== THE TASK ==
Please give back, word for word, each line from the start of the entries through the one in which "The Weekend Leader" is found.

== RECORDS FOR THIS EXERCISE ==

====

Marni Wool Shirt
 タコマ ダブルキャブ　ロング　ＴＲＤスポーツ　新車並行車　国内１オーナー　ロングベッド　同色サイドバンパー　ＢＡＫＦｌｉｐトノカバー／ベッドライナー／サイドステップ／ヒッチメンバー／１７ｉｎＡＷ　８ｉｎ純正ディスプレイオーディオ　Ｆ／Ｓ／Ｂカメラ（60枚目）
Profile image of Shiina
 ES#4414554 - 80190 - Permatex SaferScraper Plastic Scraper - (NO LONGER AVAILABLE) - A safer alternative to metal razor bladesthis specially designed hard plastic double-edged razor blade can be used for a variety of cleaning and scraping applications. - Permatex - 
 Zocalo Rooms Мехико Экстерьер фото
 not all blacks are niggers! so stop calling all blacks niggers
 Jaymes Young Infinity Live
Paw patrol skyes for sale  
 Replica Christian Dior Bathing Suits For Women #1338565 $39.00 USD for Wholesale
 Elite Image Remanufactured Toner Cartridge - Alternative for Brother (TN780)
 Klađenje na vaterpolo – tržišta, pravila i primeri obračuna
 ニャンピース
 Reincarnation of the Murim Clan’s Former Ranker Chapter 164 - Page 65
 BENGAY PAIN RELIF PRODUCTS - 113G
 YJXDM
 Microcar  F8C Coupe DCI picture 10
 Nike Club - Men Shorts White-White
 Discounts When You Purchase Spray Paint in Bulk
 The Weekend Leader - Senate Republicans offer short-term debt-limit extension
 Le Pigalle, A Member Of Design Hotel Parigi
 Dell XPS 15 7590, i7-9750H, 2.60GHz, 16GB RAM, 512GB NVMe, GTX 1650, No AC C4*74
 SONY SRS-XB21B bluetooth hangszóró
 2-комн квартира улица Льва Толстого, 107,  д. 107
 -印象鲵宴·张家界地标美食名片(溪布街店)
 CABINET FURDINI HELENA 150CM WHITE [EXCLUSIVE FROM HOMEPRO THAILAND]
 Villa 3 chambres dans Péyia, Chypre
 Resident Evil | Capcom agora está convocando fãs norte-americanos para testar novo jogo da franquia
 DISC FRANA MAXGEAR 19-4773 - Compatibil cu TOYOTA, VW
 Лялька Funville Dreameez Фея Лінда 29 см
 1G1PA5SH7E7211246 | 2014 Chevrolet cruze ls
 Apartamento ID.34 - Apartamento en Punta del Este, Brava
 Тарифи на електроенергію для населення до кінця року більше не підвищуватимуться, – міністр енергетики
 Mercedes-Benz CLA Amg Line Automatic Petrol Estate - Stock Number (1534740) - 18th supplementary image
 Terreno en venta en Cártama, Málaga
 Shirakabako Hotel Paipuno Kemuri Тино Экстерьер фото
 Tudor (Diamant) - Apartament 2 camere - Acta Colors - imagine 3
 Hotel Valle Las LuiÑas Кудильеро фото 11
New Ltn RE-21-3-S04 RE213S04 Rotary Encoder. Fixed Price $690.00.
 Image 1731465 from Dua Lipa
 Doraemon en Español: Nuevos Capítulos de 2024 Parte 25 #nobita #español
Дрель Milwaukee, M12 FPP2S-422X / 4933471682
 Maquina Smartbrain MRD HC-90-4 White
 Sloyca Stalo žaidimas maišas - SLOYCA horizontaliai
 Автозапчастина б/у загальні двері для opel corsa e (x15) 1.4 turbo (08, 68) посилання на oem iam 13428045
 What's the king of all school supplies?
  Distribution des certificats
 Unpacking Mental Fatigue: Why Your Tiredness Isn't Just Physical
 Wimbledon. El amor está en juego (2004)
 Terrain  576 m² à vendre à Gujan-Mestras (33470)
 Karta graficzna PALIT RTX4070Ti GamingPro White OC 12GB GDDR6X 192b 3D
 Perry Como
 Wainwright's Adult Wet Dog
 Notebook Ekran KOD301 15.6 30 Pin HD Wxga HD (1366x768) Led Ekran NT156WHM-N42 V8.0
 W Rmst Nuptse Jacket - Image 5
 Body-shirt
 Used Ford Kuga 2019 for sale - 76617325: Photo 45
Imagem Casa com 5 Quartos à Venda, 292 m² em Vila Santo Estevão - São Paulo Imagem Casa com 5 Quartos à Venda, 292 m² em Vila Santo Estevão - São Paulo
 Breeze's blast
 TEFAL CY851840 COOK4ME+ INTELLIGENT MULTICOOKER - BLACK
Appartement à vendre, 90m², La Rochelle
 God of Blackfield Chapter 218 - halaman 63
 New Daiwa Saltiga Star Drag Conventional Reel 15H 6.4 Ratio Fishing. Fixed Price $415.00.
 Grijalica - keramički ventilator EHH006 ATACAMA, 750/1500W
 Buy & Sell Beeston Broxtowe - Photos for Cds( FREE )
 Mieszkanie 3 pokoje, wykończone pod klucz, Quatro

====

== EXERCISE SOLUTION ==
Marni Wool Shirt
 タコマ ダブルキャブ　ロング　ＴＲＤスポーツ　新車並行車　国内１オーナー　ロングベッド　同色サイドバンパー　ＢＡＫＦｌｉｐトノカバー／ベッドライナー／サイドステップ／ヒッチメンバー／１７ｉｎＡＷ　８ｉｎ純正ディスプレイオーディオ　Ｆ／Ｓ／Ｂカメラ（60枚目）
Profile image of Shiina
 ES#4414554 - 80190 - Permatex SaferScraper Plastic Scraper - (NO LONGER AVAILABLE) - A safer alternative to metal razor bladesthis specially designed hard plastic double-edged razor blade can be used for a variety of cleaning and scraping applications. - Permatex - 
 Zocalo Rooms Мехико Экстерьер фото
 not all blacks are niggers! so stop calling all blacks niggers
 Jaymes Young Infinity Live
Paw patrol skyes for sale  
 Replica Christian Dior Bathing Suits For Women #1338565 $39.00 USD for Wholesale
 Elite Image Remanufactured Toner Cartridge - Alternative for Brother (TN780)
 Klađenje na vaterpolo – tržišta, pravila i primeri obračuna
 ニャンピース
 Reincarnation of the Murim Clan’s Former Ranker Chapter 164 - Page 65
 BENGAY PAIN RELIF PRODUCTS - 113G
 YJXDM
 Microcar  F8C Coupe DCI picture 10
 Nike Club - Men Shorts White-White
 Discounts When You Purchase Spray Paint in Bulk
 The Weekend Leader - Senate Republicans offer short-term debt-limit extension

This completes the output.